=== Section Start ===

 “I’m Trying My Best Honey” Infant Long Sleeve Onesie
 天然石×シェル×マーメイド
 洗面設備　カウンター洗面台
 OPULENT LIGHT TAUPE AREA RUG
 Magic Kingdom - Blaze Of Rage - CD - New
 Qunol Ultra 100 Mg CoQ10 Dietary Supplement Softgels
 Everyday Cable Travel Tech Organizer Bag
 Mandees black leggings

=== Section End ===

_Work task_
Nothing is to be left out; reproduce each record exactly.

_Result_
 “I’m Trying My Best Honey” Infant Long Sleeve Onesie
 天然石×シェル×マーメイド
 洗面設備　カウンター洗面台
 OPULENT LIGHT TAUPE AREA RUG
 Magic Kingdom - Blaze Of Rage - CD - New
 Qunol Ultra 100 Mg CoQ10 Dietary Supplement Softgels
 Everyday Cable Travel Tech Organizer Bag
 Mandees black leggings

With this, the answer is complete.